Code optimization subset sum

Question

Here is my code that print elements of subset whose sum is equal to the given sum,(it works only for positive numbers):

#include <bits/stdc++.h>
using namespace std;

void traverse(vector<int> vec) {
    for(int a=0; a < vec.size(); a++)
        cout << vec[a] << " ";
    cout << endl;
}

void possible(vector<int> vec, int sum, vector<int> now) {
    if(sum == 0) {
        traverse(now);
    }
    else if(sum < 0) {
        now.clear();
    }
    else if(sum > 0 && vec.size() > 0) {
        for(int a = 0; a < vec.size(); a++) {
            now.push_back(vec[a]);
            vector<int> vecc(vec.begin() + a + 1, vec.end());
            possible(vecc, sum - vec[a], now);
            now.erase(now.end() - 1);
        }
    }
}

int main() {
    int n, sum;
    cin >> n >> sum;

    vector<int> vec(n), now;
    for(int a = 0; a < n; a++)
        cin >> vec[a];

    possible(vec, sum, now);
    return 0;
}

Is there any chance of improvements or any faster way to improve run time?

Any Dynamic problem solution for this?

Answer 1

Subset Sum Problem can be approached via Dynamic Programmning, as you can read in Dynamic Programming | Set 25 (Subset Sum Problem).

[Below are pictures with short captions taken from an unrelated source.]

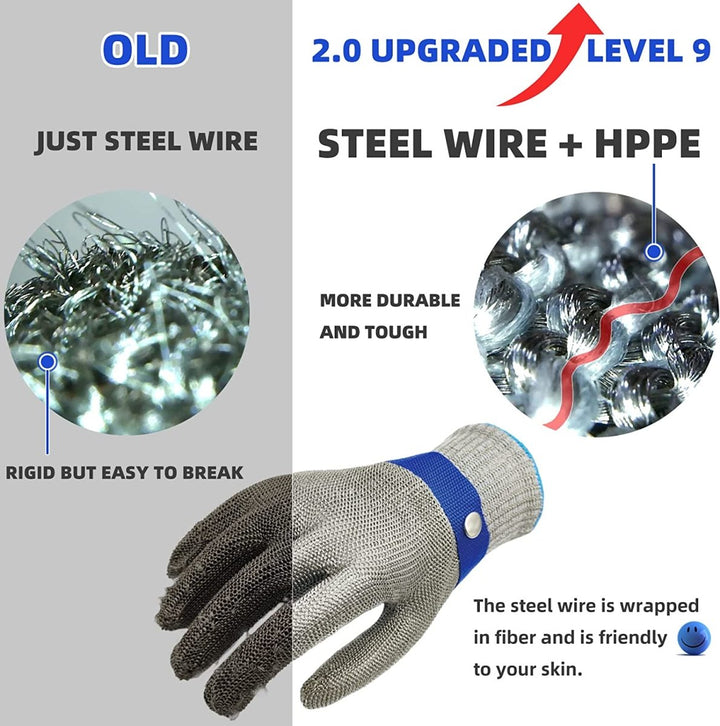 Gants polyvalents anti-coupure en acier inox pour cuisine, bricolage, jardinage. Protection essentielle.
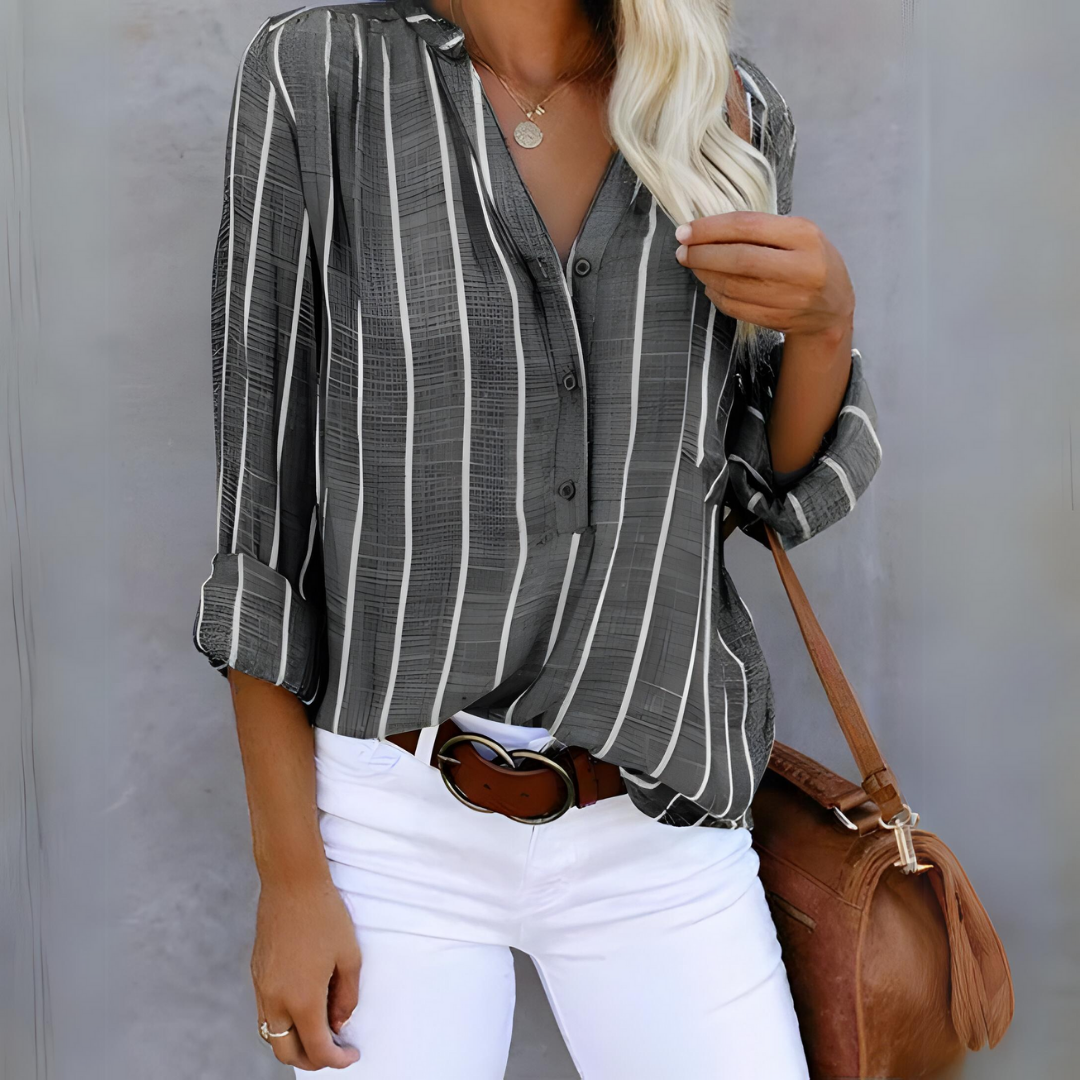Camicia Donna a Righe con Bottoni Manica Lunga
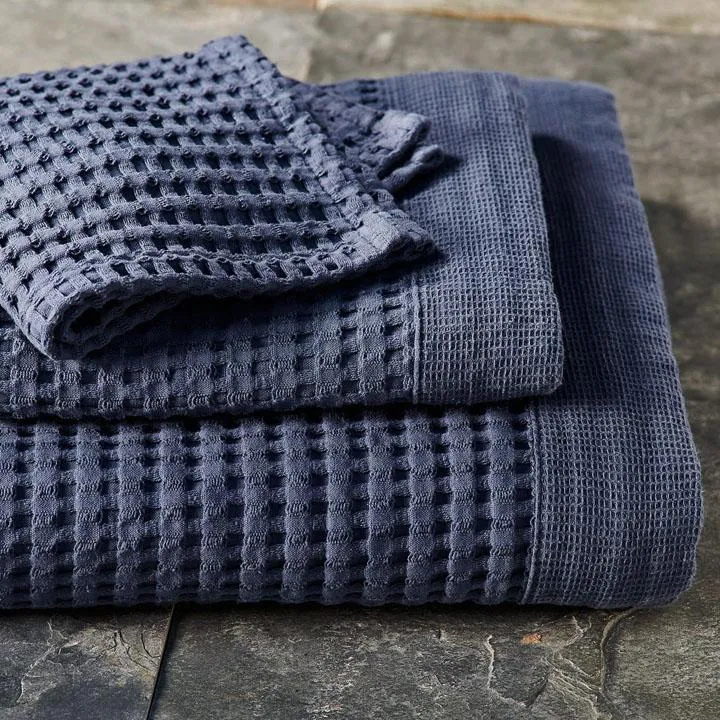 Midnight Blue Towel Set in Gift Bag, Modern Style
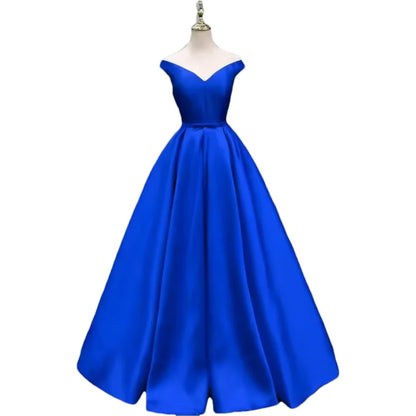 Off-Shoulder A-Line Satin Formal Women Prom Long Evening Party Gown Dress w/ Pockets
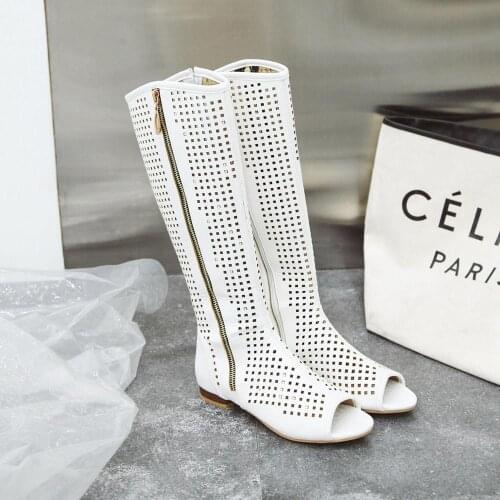 Fashion Women Flats Knee High Summer Boots Peep Toe Square Heels Fretwork Party Shoes Retro rome Sexy Women Footwear Size 34-43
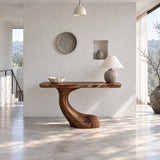 Entryway Console Table with Flowing S-Curve Pedestal and Live-Edge Slab Top - Arboriswood - 12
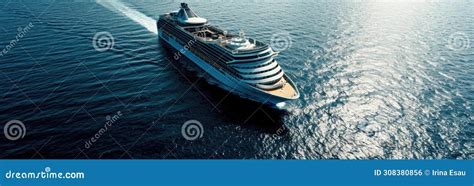 Cruise Ship From Top View At Sea Foto De Archivo Imagen De Partida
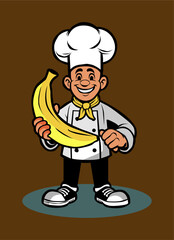 Chef Mascot holding a banana, smiling and simple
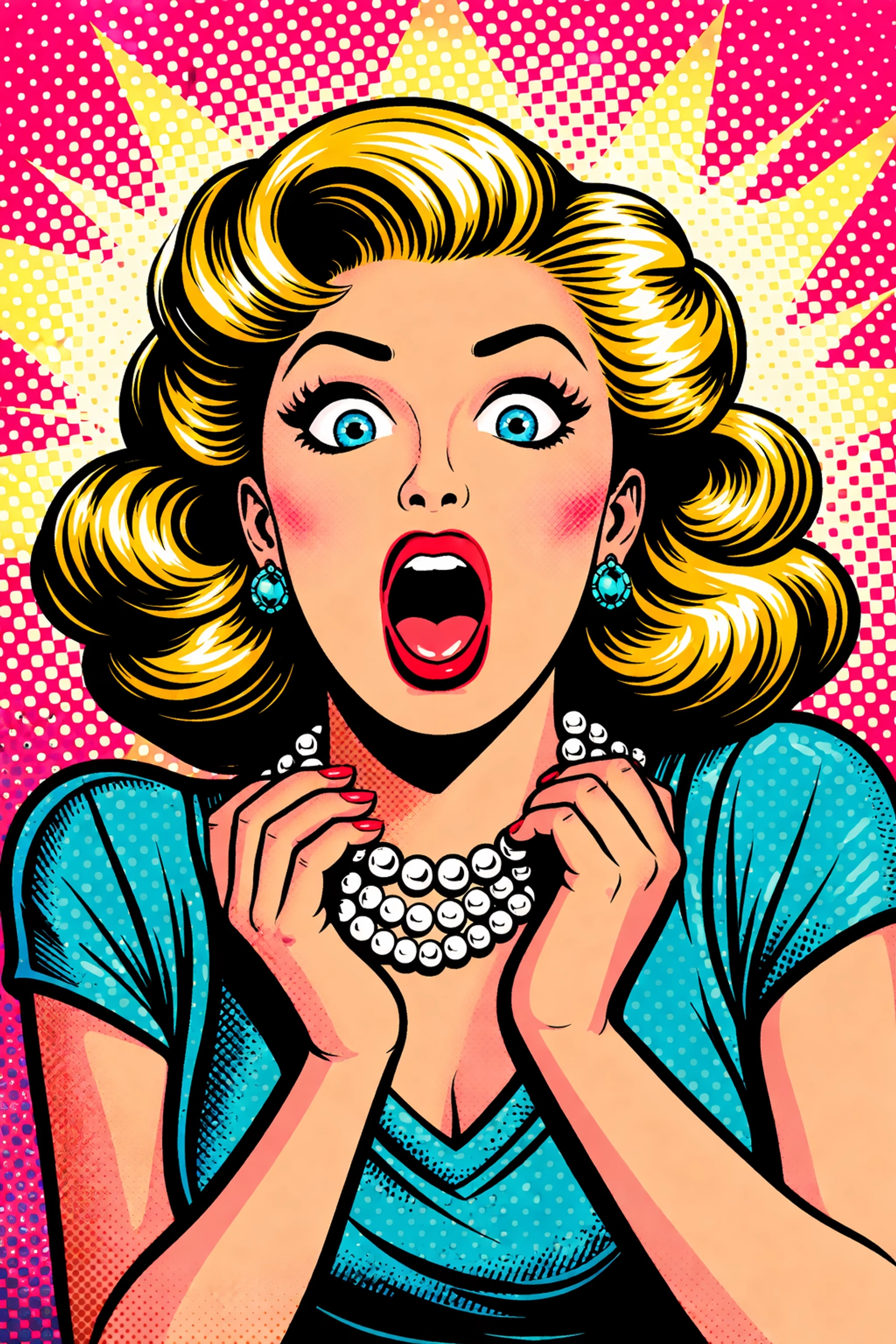 Pop art woman clutching pearls in shock, representing surprise at bold women breaking social norms.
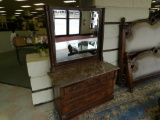 Antique Marble Top Dresser And Mirror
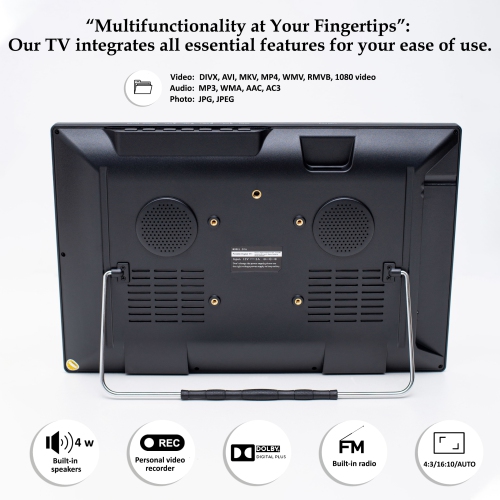 DenyDan 16-Inch Portable-Travel TV with Built-in Battery, Full HD, HDMI/USB/AV, 12V/24V/110V Power Options, Black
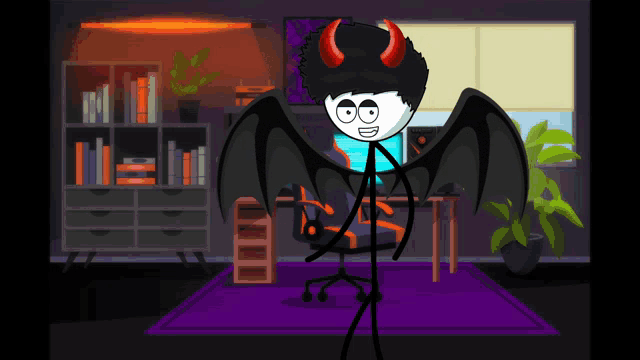 a stick figure with horns and wings is standing in a dark room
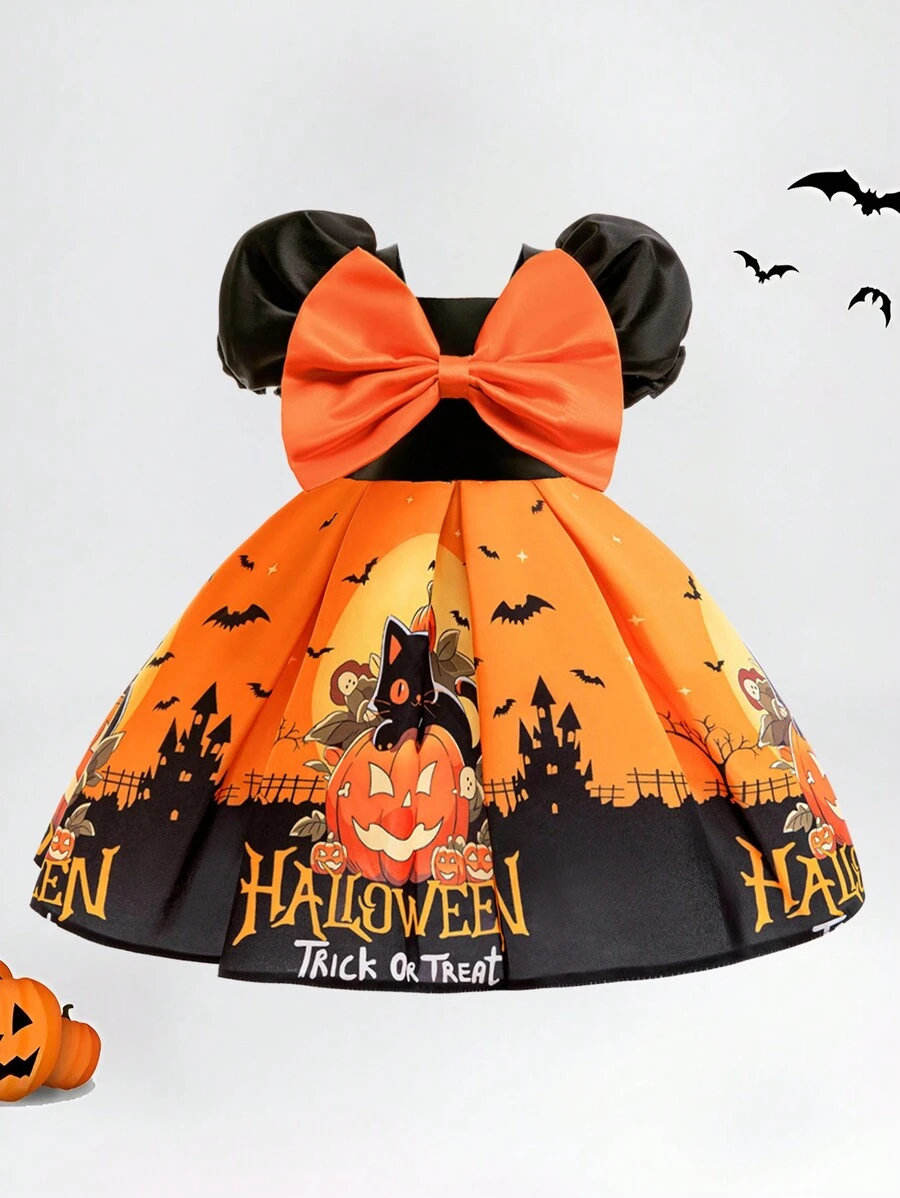 فستان أميرة لحفلة هالوين للبنات الصغيرات بنقشة الخفافيش والقرع Trick Or Treat، قماش مقصوص عشوائيًا، عصابة الرأس والحقيبة اليدوية غير مشمولة - متعدد الألوان - مشاهدة 1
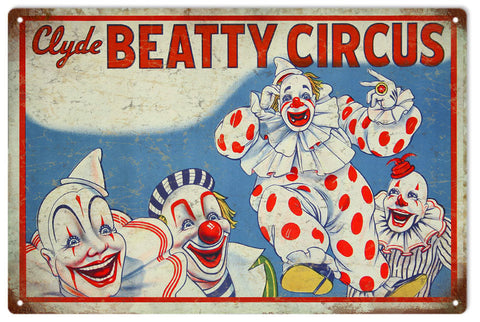 Vintage Cyde Beatty Circus Metal Sign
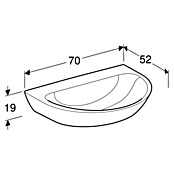 Geberit Renova Waschtisch (70 x 52 cm, Mit schmutzabweisender Glasur, Hahnloch: Ohne, Ohne Überlauf, Weiß) | BAUHAUS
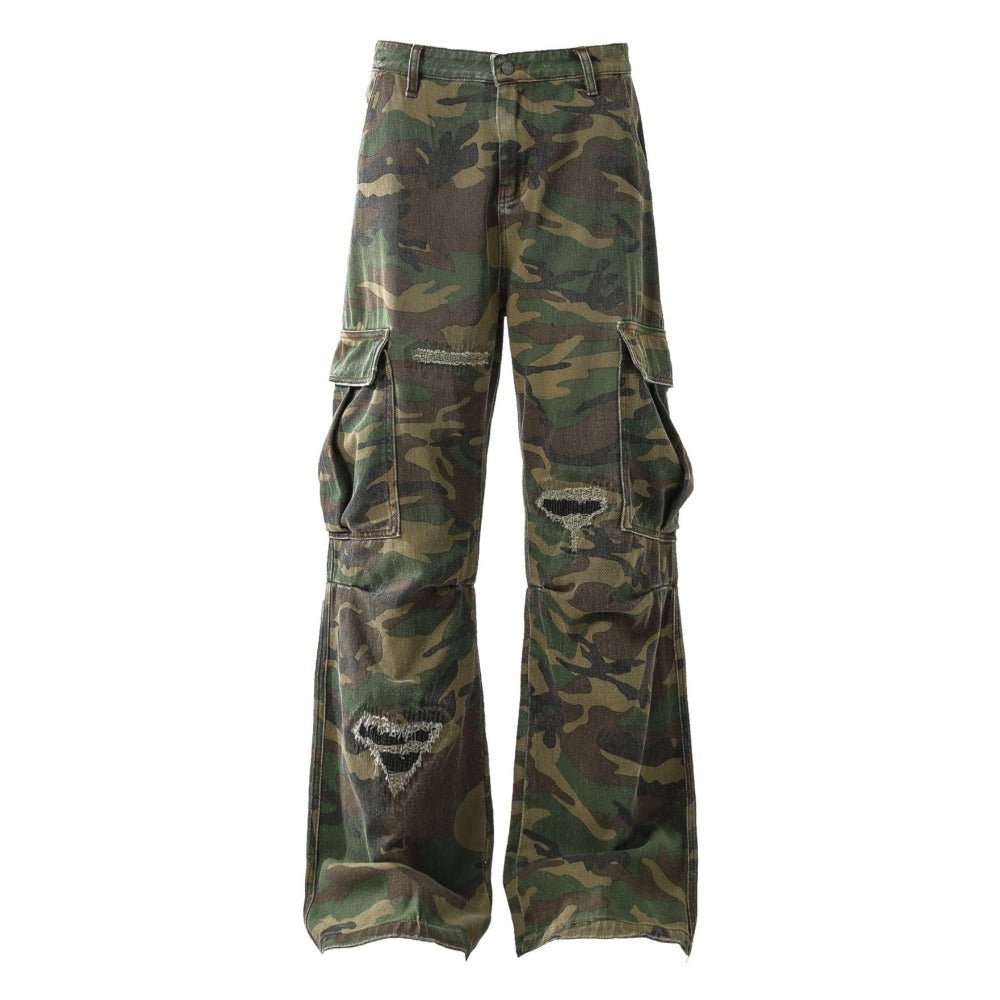 Ripped Camou Cargo Utility Pants - Thrashink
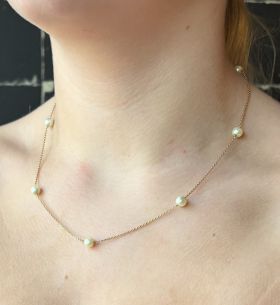 Ankerschakel 14 karaats gouden ketting met parels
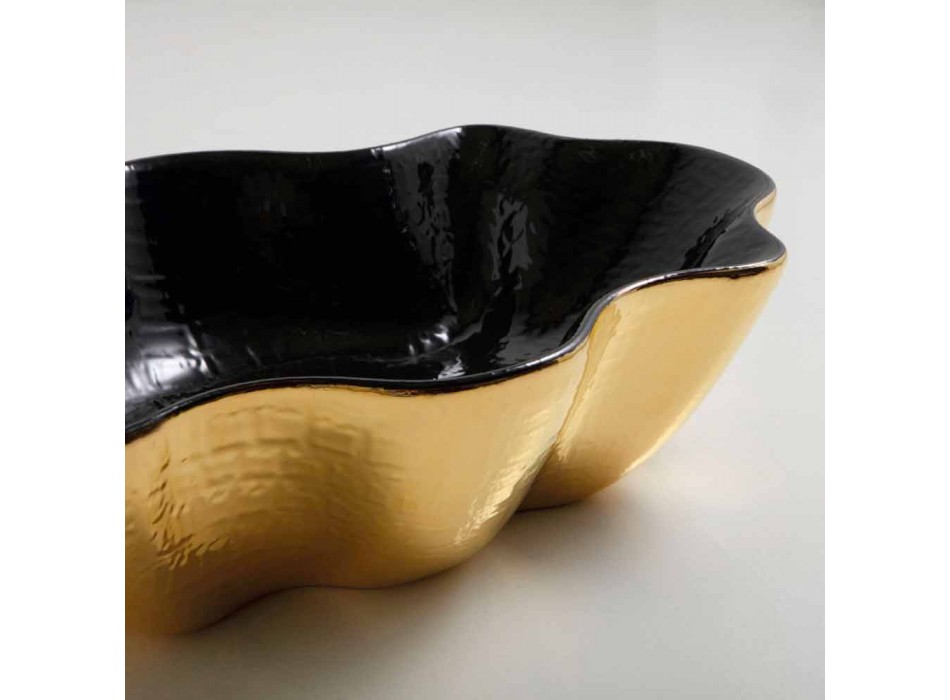 Aufsatzwaschtisch in Schwarz und Gold Keramik Design in Italien Cubo gemacht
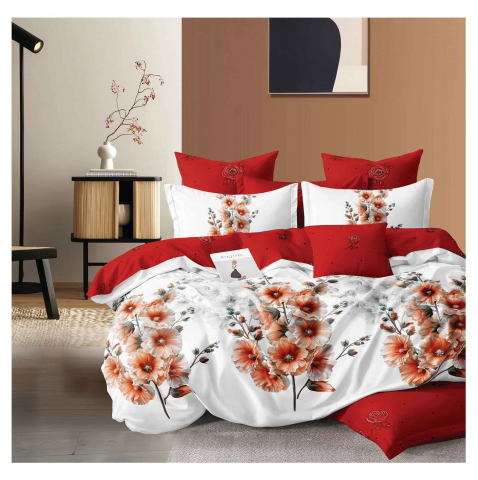 Lenjerii de pat - Lenjerie pat dublu,bumbac finet,6 piese,cearceaf cu elastic 180x200cm, cearceaf pilota 200x230cm, 2 fete de perna 50x70, 2 fete de perna 70x70-A1110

The problem is in-fact NP-Complete (There is no known polynomial time solution for this problem). The link above offers two solutions, where the second one can solve the problem in Pseudo-polynomial time.

---

As a technical optimization, you could change this:

void traverse(vector<int> vec)

to this:

void traverse(vector<int>& vec)

in order to avoid unnescairy copies of, potentially large, vectors. Do that for all your functions, if you can.

---

Compile your code with warnings enabled (e.g. -Wall -Wextra for GCC), and fix those warnings. Then consider performance.

---

PS: Why should I not #include <bits/stdc++.h>?

Answer 2

A recursive dynamic programming solution that seems to work (though I have not tested it thoroughly). It also works with negative numbers.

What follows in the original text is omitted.